Do you get the idea behind pulses?

It was a most controversial topic in our team. Should programs make changes only along with pulses or not.

Some say “Why can’t I simply link a value to my LED and get it brightness updated automatically right at the moment when the value is updated?”

Others say “That’s a good idea to explicitly control when things change so that a nuke can’t be launched accidentally”.

Looks like a challenge between casual experience and academic accuracy. What do you think about the update-on-pulse concept?

The way I see it, it’s not a matter of casual experience vs. academic accuracy but rather what you’re used to historically.

For those with a software background in embedded software or standard synchronous electronic circuits, the pulse idea will seem the most logical, and the way to go. On a microcontroller almost everything that has to do with IO is interrupt driven, and checking status flags becomes a routine. Both can be considered pulses. In synchronous electronic circuits, it’s self evident that data is latched at rising edges, and thus state only updates every clock cycle. There, the clock provides the pulses.

However, coincidentally, I happen to have written a thesis on the topic of asynchronous systems (in Dutch, sorry), and although it takes quite a change of mind to get into that logic, it makes just as much sense as synchronous (pulse driven) systems do.
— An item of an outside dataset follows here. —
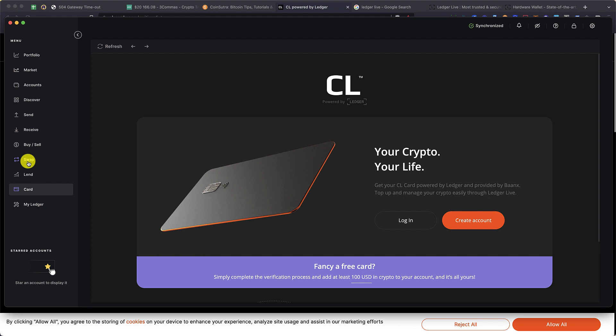This is how you start using Ledger Live app, and these are some of the amazing features you can use with Ledger Live. If you have any questions, let me know in the comment section. If you like this video, do like and share this video and subscribe to our channel for more crypto wallet and exchange tips, tricks, and reviews. I'll see you soon. Bye-bye.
For example, assume you’d want to use a potentiometer to dim an LED by PWM-ing it (if that’s even a word), and forget about microcontrollers for a second but think about how you would implement it on a breadboard instead. I’d use an LTC6992 PWM-controller, with an analog input voltage between 0 and 1V, generating a duty cycle between 0 and 100%. To implement such a circuit, I’d have to connect a potentiometer at 5V to a voltage divider (= scaling) to scale it from 0-5V to 0-1V, then feed it into the LTC6992. I then connect the PWM output of the LTC6992 to an LED, with a series resistor of course.
When turning the potentiometer, you’d expect the LED brightness to change instantly, right? There is no explicit “pulse” in this design: as soon as the potentiometer value is changed, the voltage divider is updated, then the LTC6992 is updated, and the LED brightness changes immediately. Most people would agree that it would be pretty ridiculous to put a flipflop between each block, and then clock them to update each value on the rising edge of artificially generated pulses.
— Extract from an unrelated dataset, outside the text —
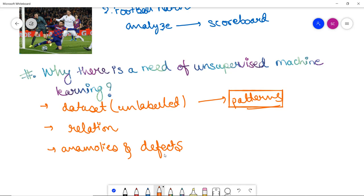So that is the very basic introduction to unsupervised machine learning. In our upcoming video, we will move on to understand the different types of unsupervised learning.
Now assume you’d want to do the same with an Arduino Uno instead of an LTC6992. You read in the potentiometer as a 10 bit value with the integrated ADC of the Atmega328, then scale it from 10 bits to 8 bits with a bit wise shift, and feed the result into the 8 bit PWM controller driving the pin to which the LED is connected. In XOD you’d need at least 4 blocks (analog input, scaling, PWM controller, GPIO), connected directly to each other. In this application, it would seem awkward and unnecessarily complex to have it update-on-pulse.
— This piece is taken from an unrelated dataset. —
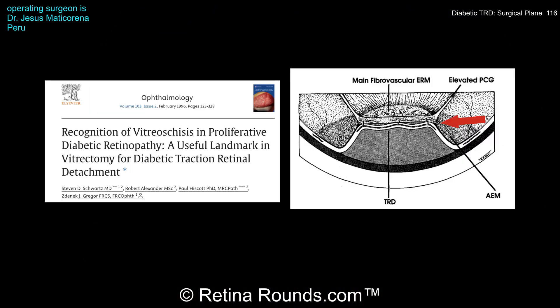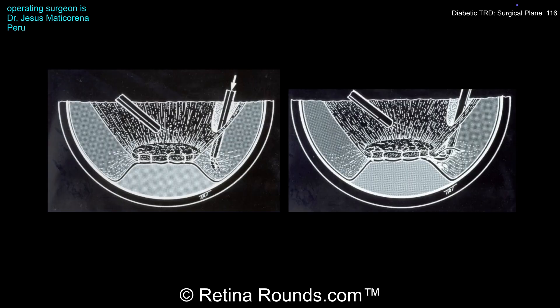The key take-home point is to find the plane between the posterior cortical vitreous and the underlying retina, as shown by the red arrow in the image. This was first described by Dr. Stephen Schwartz in his seminal 1996 publication, a must-read paper for anyone managing TRDs. The first step is to identify the posterior cortical vitreous and access the space just posterior to it. Remember, diabetic vitreous can be highly sclerotic, so don't be fooled by an additional layer still attached to the underlying retina.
I agree that the update-on-pulse concept allows for more advanced control, but it is a result of designing XOD with programming experience in mind, which is not necessarily the most logical. Put yourself in the position of a 10 year old who’s building an automatic watering system for a plant in his room, by connecting a humidity sensor and a solenoid valve to an Arduino. The kid wants the valve to open as soon as the humidity level drops below a treshold. Then it makes sense to sample the humidity sensor as fast as possible, i.e. keeping the ADC running continuously, evaluate its result continuously and control the valve if necessary. There would be no pulses involved.
Of course, if you’re an experienced programmer and/or engineer then you know that soil humidity doesn’t change very quickly, so you’d put a timer on it to generate interrupts (pulses) to check the humidity once every minute or so, and let the microcontroller do something else the rest of the time, or put it in sleep mode to conserve power. But if you know that much about electronics already, then you’d probably want to try coding instead of building your application with XOD.

TL;DR: for many youngsters, students, hobby users etc. the update-on-pulse concept is not the most logical approach to building an application with blocks in a visual environment like XOD.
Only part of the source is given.